The statewide Partnership for Assessment of Readiness for College and Careers (PARCC) exam has been assigned to all public elementary school pupils since 2015.  With three years of feedback from teachers, parents, and school administrators, the Illinois State Board of Education (ISBE) has examined and approved modifications to the exam.  A significant number of questions have been removed and the English/literacy portion of the test has been reduced from 4.5 hours to 3.0 hours.  These modifications are intended to respond to complaints, especially from teachers, that the PARCC test takes up too much time and interferes with actual teaching.

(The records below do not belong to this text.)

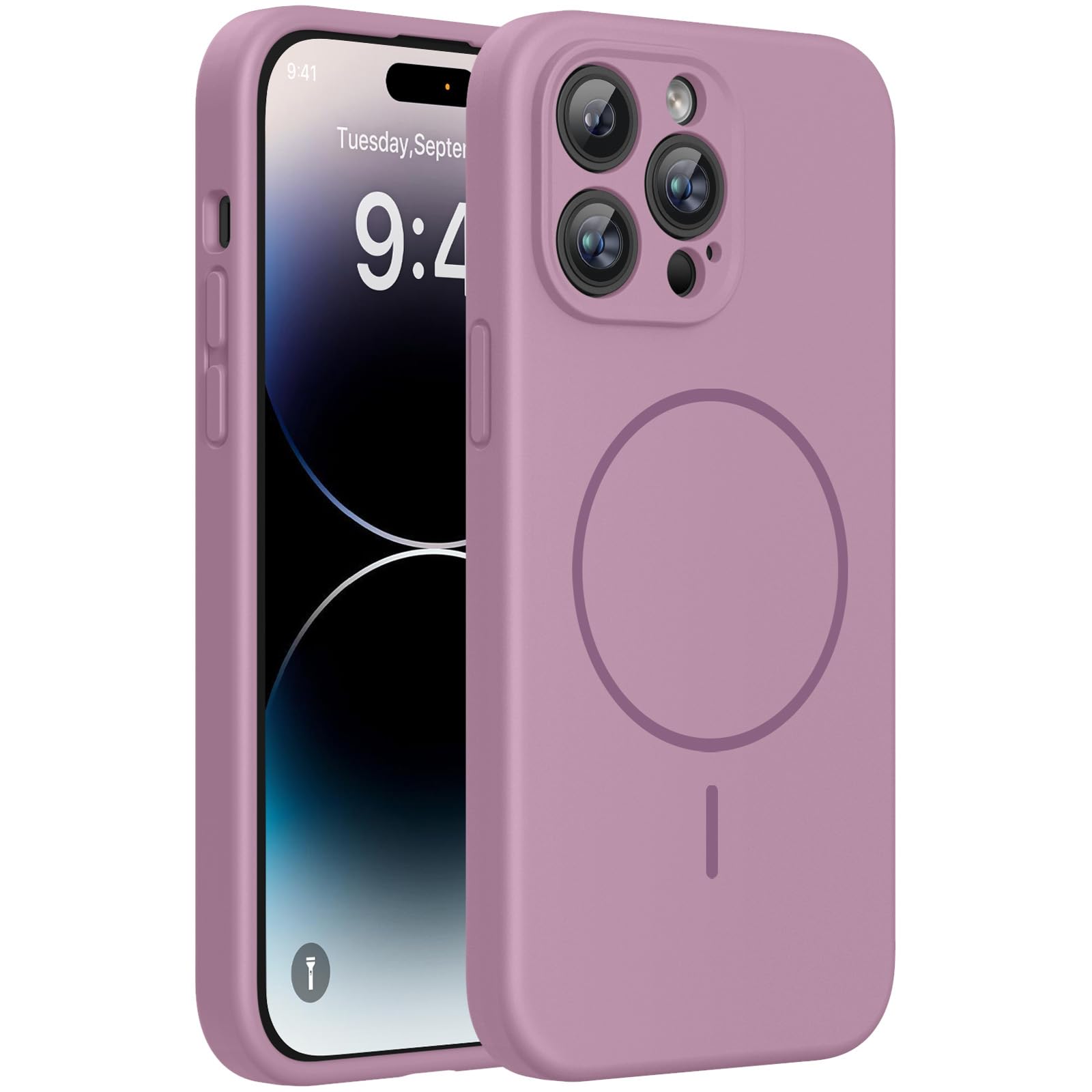 Photo 1 of Miracase Silicone Case for iPhone 14 Pro Max - Blackcurrant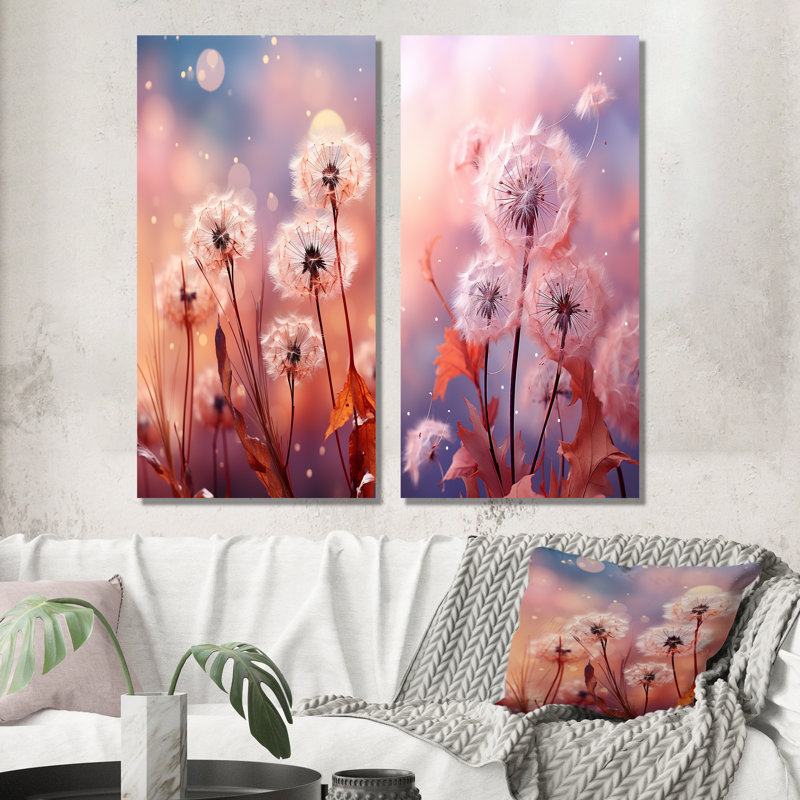 «Delicate Calm Dandelion Serenity IV», ensemble de 2 impressions murales florales, Toile tendue, H 28 po x l 25 po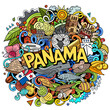© balabolka - Panama cartoon doodle illustration. Funny local design.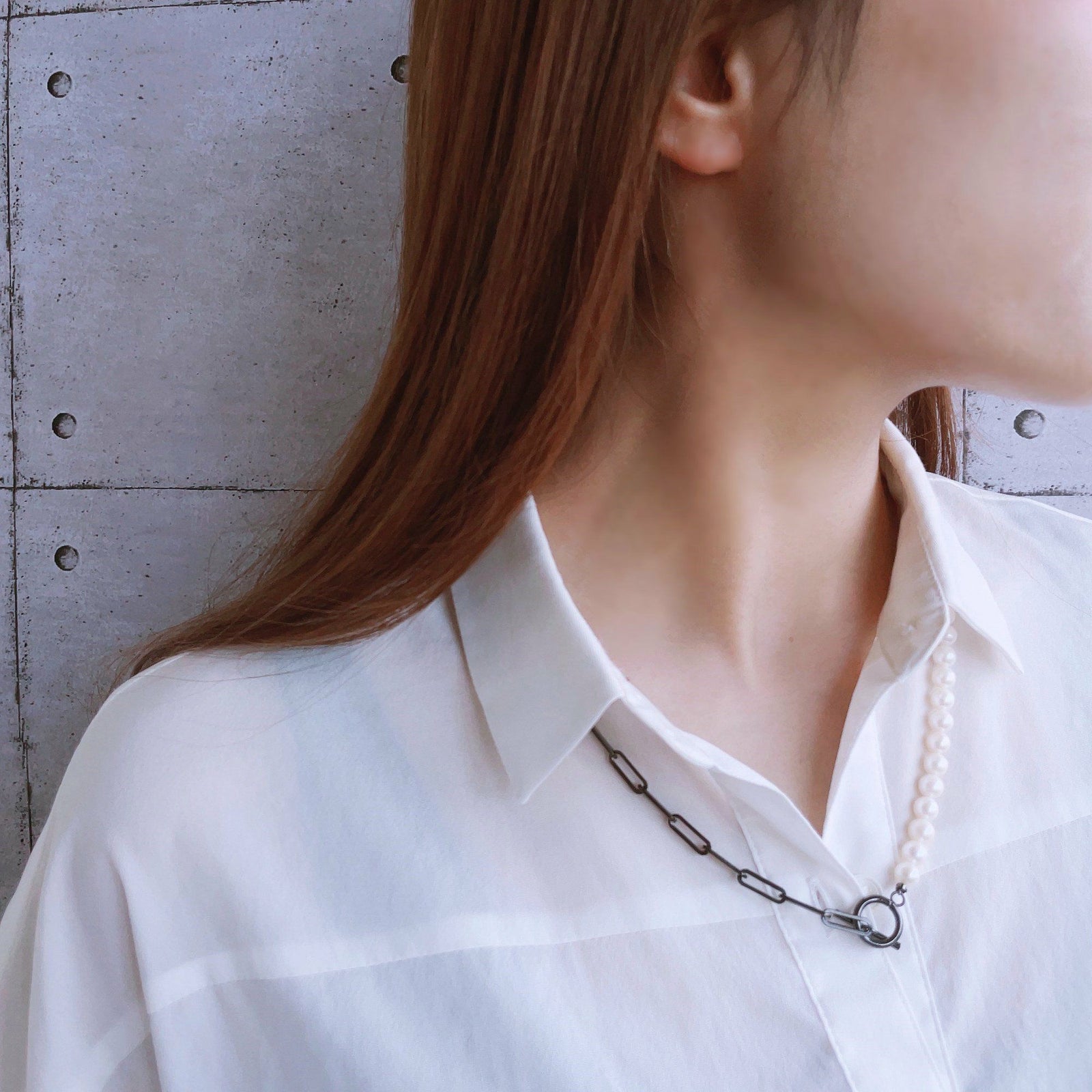 淡水真珠 ハーフチェーンネックレス　6.5-7.0mm SUS316L BP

Other criticisms of the PARCC exam, and data derived from it, center on the rigor of the test.  Since the 2001 enactment of “No Child Left Behind” there has been an emphasis on testing schools and entire school systems, as well as pupils, with the goal of driving out complacency and acceptance of mediocrity.  As currently calibrated, the PARCC test assessed only 40 percent of Illinois elementary and middle-school test-takers as being “proficient” in math and reading.  These findings have raised many concerns about PARCC test score questions, calibrations, and result reports, and the ISBE responded to these concerns this week.  In a public announcement, the Board stated they would turn the next phase of their PARCC modification oversight to issues of question selection and result reporting.  Over a four-year period beginning this spring, the ISBE will look at, and possibly phase in, modifications to the PARCC exam in response to concerns raised about the current rigor of the test and the way questions are selected for use in the test.